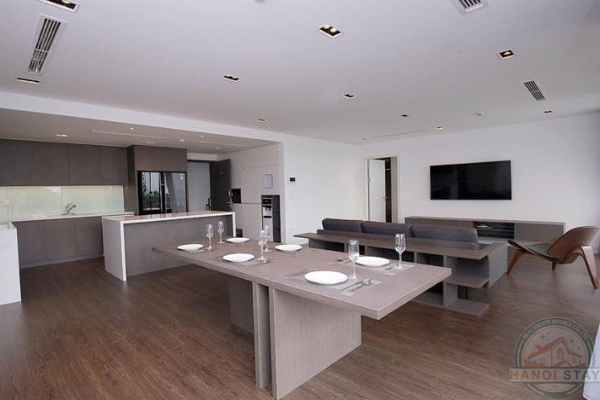 Lakeview and Sunny Balcony 03 BR Apartment for rent in To Ngoc Van str, Tay ho, Sophisticated Design 3
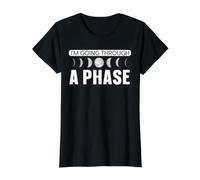 Je Traverse Une Phase de Cycle de Lune Astronomie éclipse Lunaire T-Shirt Graphique avec Valeur, Femme, Noir, L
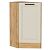 Шкаф нижний торцевой Нео Cream Silk/Дуб Вотан 816*296*554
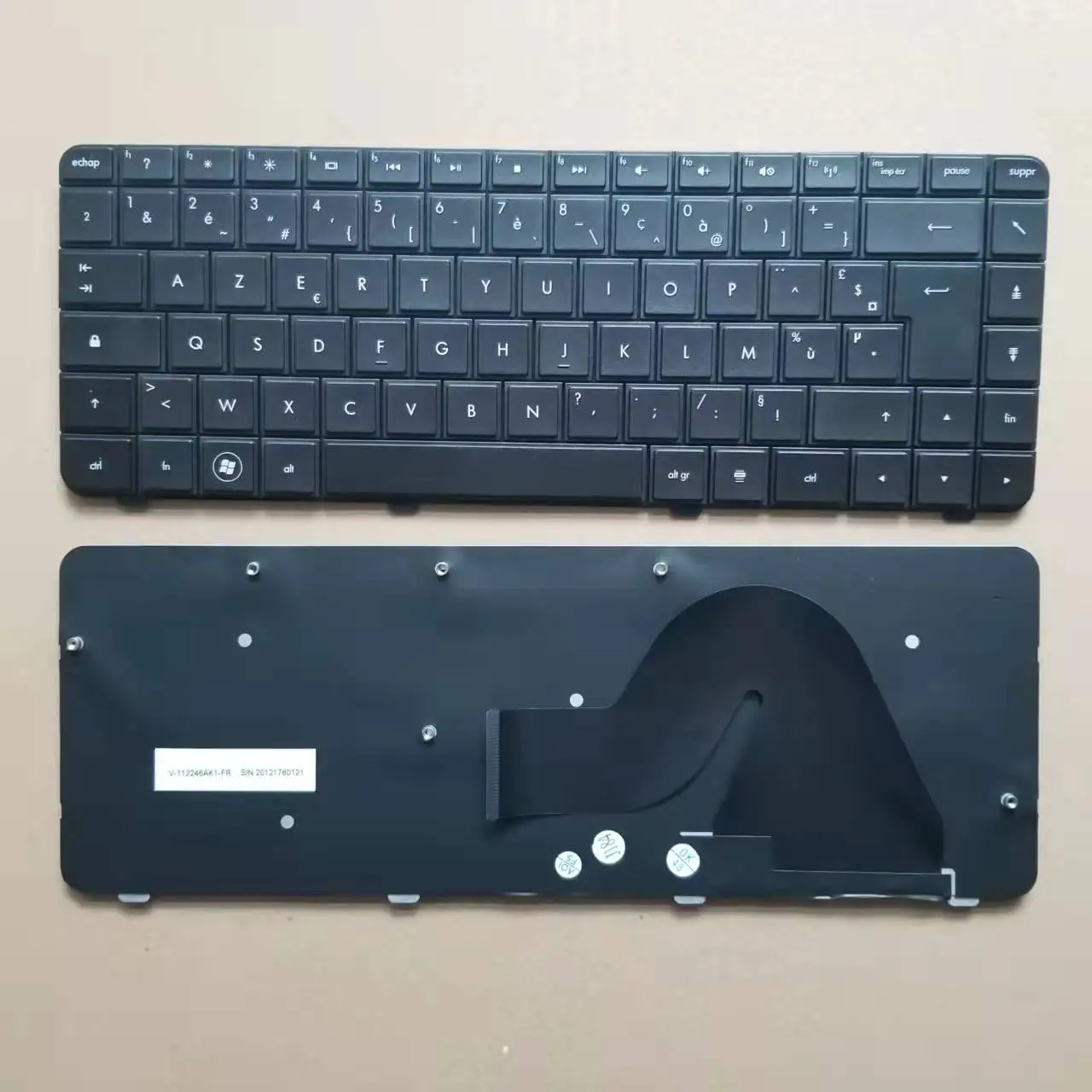 Nuova Tastiera Clavier Francese/Fr Per Laptop Serie Hp Compaq Presario Cq42 G42 D42 -100 -200 -300 -400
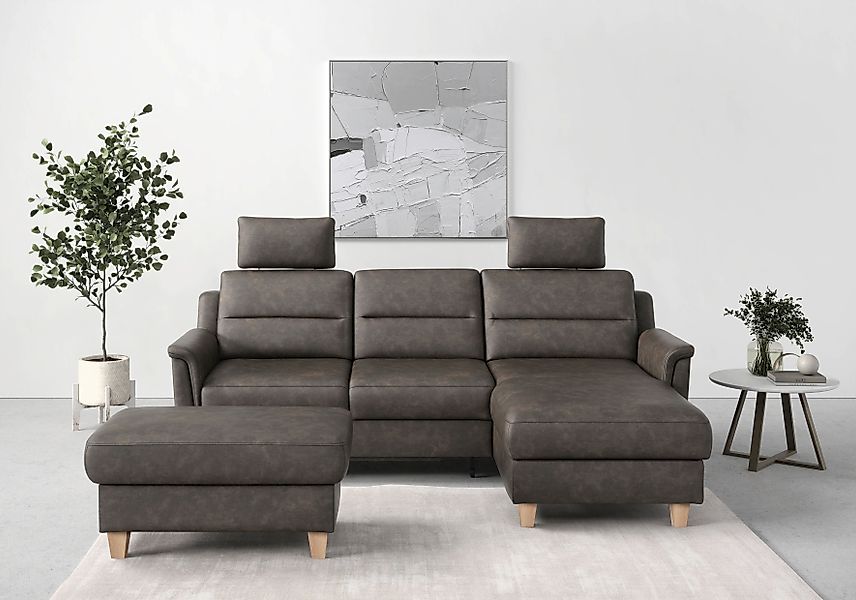 sit&more Ecksofa Farö L-Form, inklusive Federkern, günstig online kaufen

**********

* WORK ITEM *
In the copy you write, the data above must appear exactly, with no pictures.

* EXERCISE RESULT *
 Lakeview and Sunny Balcony 03 BR Apartment for rent in To Ngoc Van str, Tay ho, Sophisticated Design 3
 Je Traverse Une Phase de Cycle de Lune Astronomie éclipse Lunaire T-Shirt Graphique avec Valeur, Femme, Noir, L
 Шкаф нижний торцевой Нео Cream Silk/Дуб Вотан 816*296*554
 Nuova Tastiera Clavier Francese/Fr Per Laptop Serie Hp Compaq Presario Cq42 G42 D42 -100 -200 -300 -400
 sit&more Ecksofa Farö L-Form, inklusive Federkern, günstig online kaufen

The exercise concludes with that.